Beaucoup de personnes, malheureusement aussi des ecclésiastiques, confondent ce qui est
l'abus de pouvoir et de conscience, commis par certains religieux (et religieuses) ou presbytres, et ce qui est le ministère sacerdotal.
Comme toujours, généraliser est inutile et ne conduit pas à une réflexion profonde, qu'il convient au contraire de promouvoir. Nous assistons à une véritable lutte contre le ministère ordonné. Nous passons des féministes qui parlent de cléricalisme mais protestent ensuite parce qu'elles veulent que les femmes soient ordonnées, aux laïcs qui se plaignent de ne pas avoir de place dans l'Église. En effet, de multiples exemples montrent qu'il s'agit d'une énième soif de pouvoir et non d'un réel désir de servir l'Église.
La vie de prière
Pendant les cinquante dernières années, l'Église s'est beaucoup concentrée sur l'action. La vie des communautés paroissiales en est un exemple. Il suffit d'ouvrir les magazines paroissiaux, de regarder les panneaux d'affichage à l'entrée des églises. Manifestations, grest, oratoire, cinéma, etc... La vie de prière des communautés se réduit à la Sainte Messe quotidienne, quand elle se passe bien.
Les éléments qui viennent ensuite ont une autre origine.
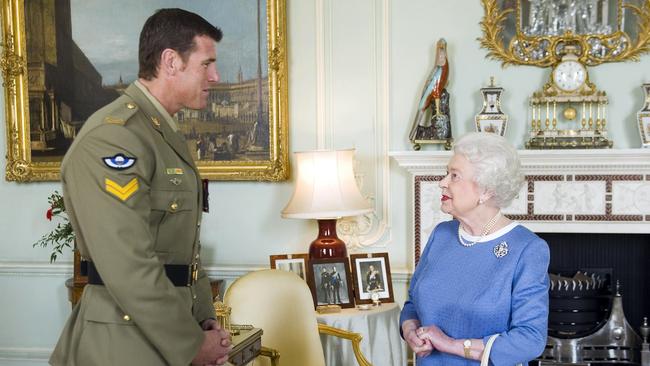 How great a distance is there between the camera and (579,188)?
4.27 meters

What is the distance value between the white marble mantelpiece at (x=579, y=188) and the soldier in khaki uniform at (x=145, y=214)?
243 cm

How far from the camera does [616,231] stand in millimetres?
4270

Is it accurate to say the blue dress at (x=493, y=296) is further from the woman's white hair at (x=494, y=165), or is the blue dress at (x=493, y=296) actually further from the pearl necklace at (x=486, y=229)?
the woman's white hair at (x=494, y=165)

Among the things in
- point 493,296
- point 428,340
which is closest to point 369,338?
point 428,340

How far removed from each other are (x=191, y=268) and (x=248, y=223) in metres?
2.75

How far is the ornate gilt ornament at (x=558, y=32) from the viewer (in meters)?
4.33

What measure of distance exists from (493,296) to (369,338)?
1687mm

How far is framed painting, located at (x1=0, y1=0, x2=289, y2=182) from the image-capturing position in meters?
4.70

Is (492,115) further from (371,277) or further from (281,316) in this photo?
(281,316)

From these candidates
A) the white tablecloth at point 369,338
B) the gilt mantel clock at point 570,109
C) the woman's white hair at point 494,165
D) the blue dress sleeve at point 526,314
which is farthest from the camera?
the gilt mantel clock at point 570,109

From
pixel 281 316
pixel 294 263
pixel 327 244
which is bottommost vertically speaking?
pixel 281 316

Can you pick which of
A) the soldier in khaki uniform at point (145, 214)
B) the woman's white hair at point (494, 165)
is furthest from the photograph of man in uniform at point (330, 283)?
the soldier in khaki uniform at point (145, 214)

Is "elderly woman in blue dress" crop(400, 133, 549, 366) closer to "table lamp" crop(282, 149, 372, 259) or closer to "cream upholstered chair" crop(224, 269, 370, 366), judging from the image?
"cream upholstered chair" crop(224, 269, 370, 366)

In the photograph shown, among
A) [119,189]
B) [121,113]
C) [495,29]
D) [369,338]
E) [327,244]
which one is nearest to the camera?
[119,189] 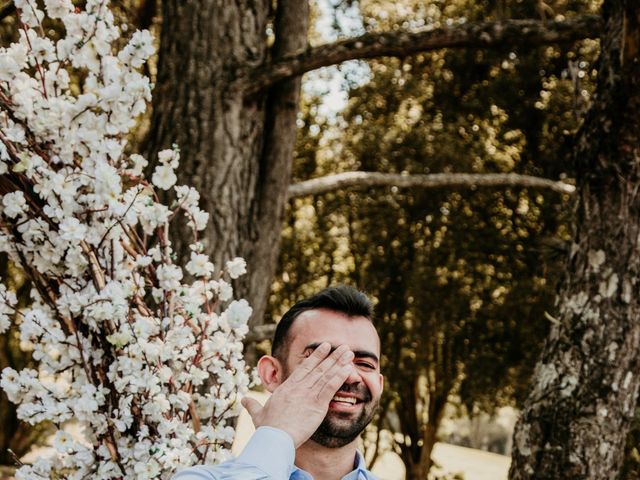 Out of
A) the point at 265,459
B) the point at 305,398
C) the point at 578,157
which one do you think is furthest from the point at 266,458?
the point at 578,157

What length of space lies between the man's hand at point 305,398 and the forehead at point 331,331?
0.29m

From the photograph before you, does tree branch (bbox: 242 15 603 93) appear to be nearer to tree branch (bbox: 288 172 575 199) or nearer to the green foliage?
tree branch (bbox: 288 172 575 199)

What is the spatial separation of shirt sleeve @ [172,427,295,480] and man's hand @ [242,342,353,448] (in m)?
0.03

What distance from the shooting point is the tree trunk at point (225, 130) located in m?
3.98

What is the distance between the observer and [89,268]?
2.23 m

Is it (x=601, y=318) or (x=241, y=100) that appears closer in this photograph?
(x=601, y=318)

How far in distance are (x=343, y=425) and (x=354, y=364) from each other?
0.19 metres

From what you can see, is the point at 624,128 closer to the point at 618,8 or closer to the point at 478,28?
the point at 618,8

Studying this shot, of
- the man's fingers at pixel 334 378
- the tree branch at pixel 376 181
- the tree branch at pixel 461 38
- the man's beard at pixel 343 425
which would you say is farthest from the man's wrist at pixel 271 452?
the tree branch at pixel 376 181

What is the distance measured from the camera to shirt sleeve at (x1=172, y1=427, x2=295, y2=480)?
69.7 inches

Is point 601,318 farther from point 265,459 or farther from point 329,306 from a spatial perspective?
point 265,459

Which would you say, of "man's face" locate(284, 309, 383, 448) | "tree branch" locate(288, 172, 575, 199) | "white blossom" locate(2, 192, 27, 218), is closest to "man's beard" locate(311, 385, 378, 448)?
"man's face" locate(284, 309, 383, 448)

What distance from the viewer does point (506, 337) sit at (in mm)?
10758

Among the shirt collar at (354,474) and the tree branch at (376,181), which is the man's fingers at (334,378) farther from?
the tree branch at (376,181) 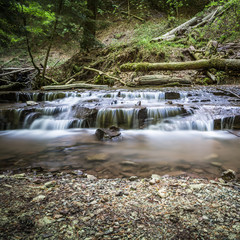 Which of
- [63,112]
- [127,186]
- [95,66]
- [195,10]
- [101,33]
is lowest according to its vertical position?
[127,186]

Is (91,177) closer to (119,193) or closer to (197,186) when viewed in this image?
(119,193)

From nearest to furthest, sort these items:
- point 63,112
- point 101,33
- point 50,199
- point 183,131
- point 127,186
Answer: point 50,199
point 127,186
point 183,131
point 63,112
point 101,33

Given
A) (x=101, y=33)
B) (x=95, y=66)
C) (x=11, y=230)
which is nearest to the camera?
(x=11, y=230)

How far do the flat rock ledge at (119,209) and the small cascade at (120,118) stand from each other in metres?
3.57

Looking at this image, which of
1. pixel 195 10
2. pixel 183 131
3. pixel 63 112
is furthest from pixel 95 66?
pixel 195 10

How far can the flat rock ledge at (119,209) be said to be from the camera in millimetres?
1417

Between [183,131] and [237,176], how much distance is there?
3.09 m

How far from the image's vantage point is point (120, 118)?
6.12m

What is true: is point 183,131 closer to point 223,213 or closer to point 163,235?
point 223,213

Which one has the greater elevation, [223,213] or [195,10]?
[195,10]

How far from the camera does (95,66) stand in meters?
13.5

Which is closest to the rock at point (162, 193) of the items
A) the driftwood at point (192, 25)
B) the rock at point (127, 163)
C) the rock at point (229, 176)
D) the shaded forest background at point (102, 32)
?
the rock at point (229, 176)

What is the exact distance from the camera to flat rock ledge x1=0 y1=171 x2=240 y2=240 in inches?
55.8

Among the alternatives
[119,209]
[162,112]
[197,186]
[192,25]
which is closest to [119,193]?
[119,209] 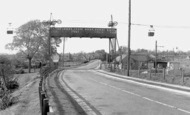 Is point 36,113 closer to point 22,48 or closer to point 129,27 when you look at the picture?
point 129,27

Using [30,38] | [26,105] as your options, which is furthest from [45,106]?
[30,38]

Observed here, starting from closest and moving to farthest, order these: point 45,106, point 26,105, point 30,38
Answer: point 45,106, point 26,105, point 30,38

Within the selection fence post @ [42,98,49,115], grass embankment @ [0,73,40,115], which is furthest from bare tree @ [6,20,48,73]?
fence post @ [42,98,49,115]

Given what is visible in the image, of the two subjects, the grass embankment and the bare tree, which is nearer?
the grass embankment

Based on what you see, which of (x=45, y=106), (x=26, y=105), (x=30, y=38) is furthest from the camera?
(x=30, y=38)

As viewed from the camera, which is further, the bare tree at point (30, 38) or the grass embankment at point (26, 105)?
the bare tree at point (30, 38)

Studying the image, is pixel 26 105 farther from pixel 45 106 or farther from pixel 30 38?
pixel 30 38

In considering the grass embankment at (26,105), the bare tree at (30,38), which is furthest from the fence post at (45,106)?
the bare tree at (30,38)

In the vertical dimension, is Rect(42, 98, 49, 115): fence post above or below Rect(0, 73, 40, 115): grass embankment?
above

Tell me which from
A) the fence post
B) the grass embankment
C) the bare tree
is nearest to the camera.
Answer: the fence post

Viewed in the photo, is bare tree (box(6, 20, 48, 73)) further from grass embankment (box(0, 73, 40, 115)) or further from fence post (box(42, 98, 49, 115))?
fence post (box(42, 98, 49, 115))

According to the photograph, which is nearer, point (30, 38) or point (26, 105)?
point (26, 105)

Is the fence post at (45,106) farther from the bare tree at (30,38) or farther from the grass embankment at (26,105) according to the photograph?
the bare tree at (30,38)

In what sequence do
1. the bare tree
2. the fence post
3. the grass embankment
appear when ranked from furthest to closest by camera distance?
the bare tree
the grass embankment
the fence post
Toutefois, le Concile œcuménique Vatican II, tant vanté par les promoteurs de ce changement, a recommandé que la liturgie des heures soit également promue auprès des laïcs. L'adoration eucharistique est totalement absente dans de nombreux endroits. La prière pour les vocations n'est plus qu'un lointain souvenir, et les pasteurs, eux aussi, accordent très souvent peu d'attention au soin des âmes, au suivi des jeunes hommes et femmes qui pourraient être appelés à une vie monastique, sacerdotale ou religieuse.
Le Saint Père émérite, Benoît XVI, en visite à la Chartreuse de Serra San Bruno rappelait :
"Le ministère des pasteurs puise dans les communautés contemplatives une sève spirituelle qui vient de Dieu." Rien ne pourrait être plus vrai. La vie monastique est le cœur palpitant de l'Église. Grâce aux communautés de prière, à l'activité des prêtres, des religieux de la vie active, et des laïcs dans leurs activités sociales, elle réussit à toucher le cœur des hommes et des femmes qui la rencontrent.
Les communautés religieuses de vie contemplative, bien que le paysage mondial soit tout sauf heureux, ont entendu frapper fréquemment à leur porte ces dernières années. "Il y a une recherche de radicalité", a déclaré l'abbé de Solesmes après avoir rendu visite au pape François la semaine dernière. C'est vrai. Les jeunes d'aujourd'hui ont besoin de points de référence et veulent voir des personnes qui croient vraiment en ce qu'elles font. Des expériences comme le pèlerinage de Chartres en sont un exemple vivant.
La vie monastique sérieuse s'épanouit
Si plusieurs monastères de femmes et d'hommes sont sur le point de fermer, beaucoup d'autres sont florissants. Ce sont des réalités qui vivent leur charisme avec sérieux et ne se laissent pas séduire par le désir de plaire aux autres. L'un des plus beaux ordres que possède l'Église catholique est celui des Chartreux. L'ordre a été fondé par Saint Bruno en 1084 en Isère, France. Leur vie est totalement inconnue aux yeux du monde et leur vie est une vie de stricte réclusion. Ces dernières années, la chartreuse italienne de Farneta a vu un certain nombre de jeunes frapper à sa porte en quête de cette radicalité. Prière et étude, détachement du monde pour contribuer à l'œuvre de l'Église dans le monde.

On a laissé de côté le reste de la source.